--- Source data Enclosed Below ---
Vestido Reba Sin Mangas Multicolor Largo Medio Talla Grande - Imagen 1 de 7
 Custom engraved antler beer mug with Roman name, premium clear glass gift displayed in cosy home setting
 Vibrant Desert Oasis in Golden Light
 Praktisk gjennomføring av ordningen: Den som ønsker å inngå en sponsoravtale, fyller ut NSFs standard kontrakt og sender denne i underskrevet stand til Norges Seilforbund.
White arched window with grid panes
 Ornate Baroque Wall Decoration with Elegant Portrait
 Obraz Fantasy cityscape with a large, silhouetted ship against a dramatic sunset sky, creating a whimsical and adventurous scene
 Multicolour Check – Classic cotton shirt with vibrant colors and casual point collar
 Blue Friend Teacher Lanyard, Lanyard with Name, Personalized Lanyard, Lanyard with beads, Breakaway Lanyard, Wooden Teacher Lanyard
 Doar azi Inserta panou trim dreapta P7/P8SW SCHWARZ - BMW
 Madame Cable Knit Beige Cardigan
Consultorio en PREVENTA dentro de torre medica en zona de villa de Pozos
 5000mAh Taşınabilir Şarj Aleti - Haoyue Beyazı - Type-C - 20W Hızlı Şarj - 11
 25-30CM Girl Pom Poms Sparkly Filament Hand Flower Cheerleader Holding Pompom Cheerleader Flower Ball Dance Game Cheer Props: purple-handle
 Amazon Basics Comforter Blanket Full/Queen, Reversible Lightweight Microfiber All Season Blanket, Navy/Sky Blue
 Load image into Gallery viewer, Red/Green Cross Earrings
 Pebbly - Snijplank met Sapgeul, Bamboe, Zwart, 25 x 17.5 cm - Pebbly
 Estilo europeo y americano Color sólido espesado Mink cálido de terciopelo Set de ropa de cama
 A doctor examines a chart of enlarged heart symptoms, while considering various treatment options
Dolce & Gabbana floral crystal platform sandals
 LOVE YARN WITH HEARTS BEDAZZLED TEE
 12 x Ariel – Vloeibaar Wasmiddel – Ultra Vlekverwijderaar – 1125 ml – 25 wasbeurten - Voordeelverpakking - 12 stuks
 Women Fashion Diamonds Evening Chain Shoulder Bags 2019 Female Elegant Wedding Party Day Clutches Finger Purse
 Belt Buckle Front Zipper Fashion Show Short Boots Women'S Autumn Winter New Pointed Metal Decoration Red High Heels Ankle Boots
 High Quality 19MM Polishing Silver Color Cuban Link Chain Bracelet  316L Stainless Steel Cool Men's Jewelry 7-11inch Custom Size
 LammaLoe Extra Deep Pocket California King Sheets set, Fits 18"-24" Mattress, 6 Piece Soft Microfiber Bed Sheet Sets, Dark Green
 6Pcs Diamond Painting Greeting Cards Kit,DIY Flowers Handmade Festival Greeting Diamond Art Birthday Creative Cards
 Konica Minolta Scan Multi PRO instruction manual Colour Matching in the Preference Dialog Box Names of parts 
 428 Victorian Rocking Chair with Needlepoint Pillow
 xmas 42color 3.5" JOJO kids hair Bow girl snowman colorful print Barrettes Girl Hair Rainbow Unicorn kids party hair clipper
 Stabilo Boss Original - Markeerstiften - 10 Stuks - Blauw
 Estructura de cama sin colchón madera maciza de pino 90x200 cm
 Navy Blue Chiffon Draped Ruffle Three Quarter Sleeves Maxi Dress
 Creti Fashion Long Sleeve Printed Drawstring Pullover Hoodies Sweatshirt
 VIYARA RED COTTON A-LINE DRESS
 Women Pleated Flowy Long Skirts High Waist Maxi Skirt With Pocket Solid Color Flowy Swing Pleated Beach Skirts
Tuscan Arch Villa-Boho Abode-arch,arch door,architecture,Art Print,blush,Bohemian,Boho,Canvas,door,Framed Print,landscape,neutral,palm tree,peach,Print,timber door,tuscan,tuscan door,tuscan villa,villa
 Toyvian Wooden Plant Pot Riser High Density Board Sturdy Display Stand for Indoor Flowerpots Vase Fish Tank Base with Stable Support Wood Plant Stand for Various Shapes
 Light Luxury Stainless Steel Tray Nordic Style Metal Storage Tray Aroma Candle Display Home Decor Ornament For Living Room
--- End of Enclosed Source data ---
Problem statement »
Quote the records above exactly, from the first line through the line containing "Multicolour Check –", and nothing more.

Response to the exercise »
Vestido Reba Sin Mangas Multicolor Largo Medio Talla Grande - Imagen 1 de 7
 Custom engraved antler beer mug with Roman name, premium clear glass gift displayed in cosy home setting
 Vibrant Desert Oasis in Golden Light
 Praktisk gjennomføring av ordningen: Den som ønsker å inngå en sponsoravtale, fyller ut NSFs standard kontrakt og sender denne i underskrevet stand til Norges Seilforbund.
White arched window with grid panes
 Ornate Baroque Wall Decoration with Elegant Portrait
 Obraz Fantasy cityscape with a large, silhouetted ship against a dramatic sunset sky, creating a whimsical and adventurous scene
 Multicolour Check – Classic cotton shirt with vibrant colors and casual point collar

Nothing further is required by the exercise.